I was in Finland recently and noticed a much higher use of laser cards for transactions where we would normally use cash - pubs, newsagents etc

My mother recently was the victim of shoulder surfing and had her laser card stolen and significant amounts spent on it over a weekend, she's gone back to using cash, at least with cash if it's stolen that's it, with a laser or credit card you can have significant multiples stolen.


----------



## liaconn (3 Sep 2010)

It would be very hard to keep tabs on your finances if you were using your laser for bits and pieces several times a day. How often have you taken €100 out of the ATM in the morning and at 3pm realised 'Janey, I've only a tenner left. What have I bought?' and started going back over your purchases to account for the €90 you've spent. You wouldn't get that reality check if you were just passing your laser card over the counter ten times a day.


----------



## Firefly (3 Sep 2010)

Complainer said:


> Do you really think that tiger kidnappers do a reasoned 'cost-benefit' type analysis before deciding whether to proceed with their adventures?


 
I think they would if long sentences were involved.

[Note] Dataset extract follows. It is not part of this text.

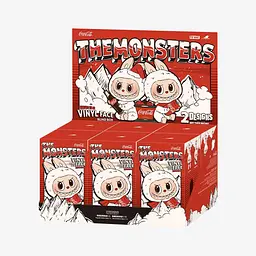 Брелок м'яка дитяча іграшка сюрприз Лабубу Labubu THE MONSTERS COCA-COLA series лялька кока кола в асортименті - мініатюра 3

For crime to pay it has to outweigh the probability of getting caught and the fine for getting caught. My point refers to the latter.


----------



## Complainer (3 Sep 2010)

Firefly said:


> For crime to pay it has to outweigh the probability of getting caught and the fine for getting caught.


I think you are overestimating the amount of reasoned thinking that goes into these decisions.


----------



## Firefly (3 Sep 2010)

Complainer said:


> I think you are overestimating the amount of reasoned thinking that goes into these decisions.


 
On the contrary, we're talking about organised crime here where reasoned thinking and meticilous planning are the norm. If, for example, mandatory life sentences were handed down for these crimes, I think it would make it a lot more difficult for these crime gangs to recuit


----------



## pixiebean22 (3 Sep 2010)

Have to agree with Firefly, in particular the most recent tiger kidnapping seemed very well organised and the fact that the culprits used a 10 D car (as reported) would suggest that they're not a couple of idiots using an old banger and going in with tights over their heads.


----------



## Arabella (3 Sep 2010)

Most places take debit/credit cards these days. So as time goes on ATMs will be surplus to requirements. Who wants to carry a purse of notes/heavy coins about.


----------



## Complainer (3 Sep 2010)

pixiebean22 said:


> Have to agree with Firefly, in particular the most recent tiger kidnapping seemed very well organised and the fact that the culprits used a 10 D car (as reported) would suggest that they're not a couple of idiots using an old banger and going in with tights over their heads.


Have you considered the possibility that they used a stolen car? Does stealing a 10D car show their intelligence?



Firefly said:


> On the contrary, we're talking about organised crime here where reasoned thinking and meticilous planning are the norm. If, for example, mandatory life sentences were handed down for these crimes, I think it would make it a lot more difficult for these crime gangs to recuit


 
Have these long sentances worked anywhere else? The last time I dug around on this, the infamous '3 strikes and then life' policy in California has failed miserably to reduce crime levels.


----------



## Firefly (3 Sep 2010)

Complainer said:


> Have these long sentances worked anywhere else?


Good question and tbh I'm not sure of the answer. I think tiger kidnapping is relatively new so not sure on the data available. Also, if we had to look elsewhere for evidence on everything we'd never pioneer anything. We introduced the smoking ban ahead of most of our European neighbours for example. 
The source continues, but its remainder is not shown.